DATA BLOCK: Begin
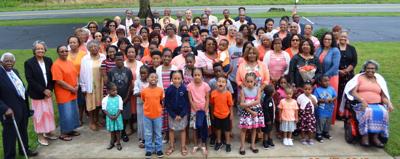 Staunton Baptist Church VBS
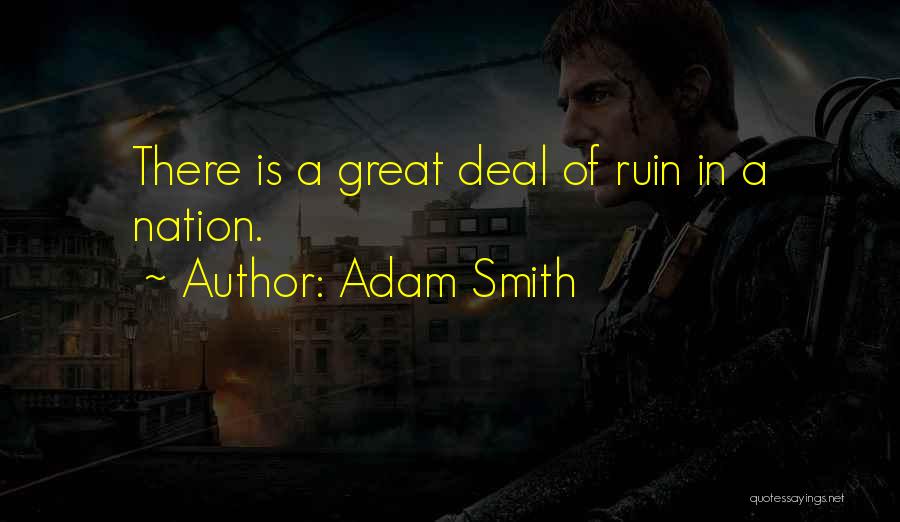 Adam Smith Quotes 631408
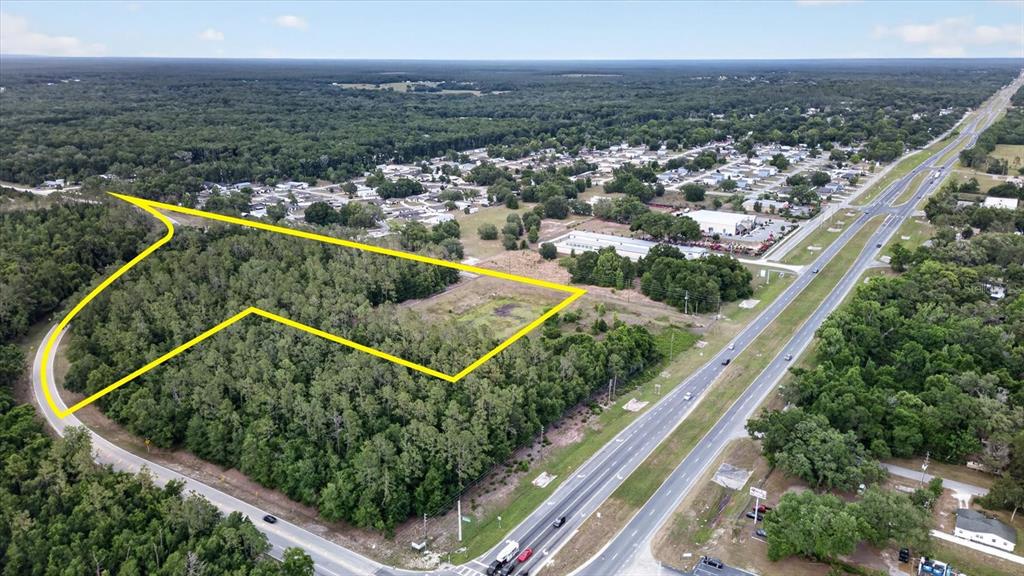 Property for sale at 0 MONDON HILL ROAD, BROOKSVILLE, FL, 34601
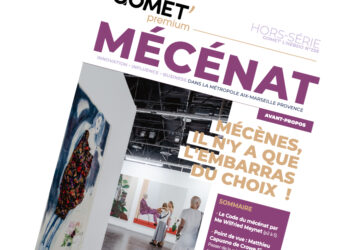 Notre Hors-série Mécénat 2022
DATA BLOCK: End
* _EXERCISE BRIEF_: Repeat the full listing above without altering a word, and skip the pictures.

* _RESULT FOR THIS TASK_:
 Staunton Baptist Church VBS
 Adam Smith Quotes 631408
 Property for sale at 0 MONDON HILL ROAD, BROOKSVILLE, FL, 34601
 Notre Hors-série Mécénat 2022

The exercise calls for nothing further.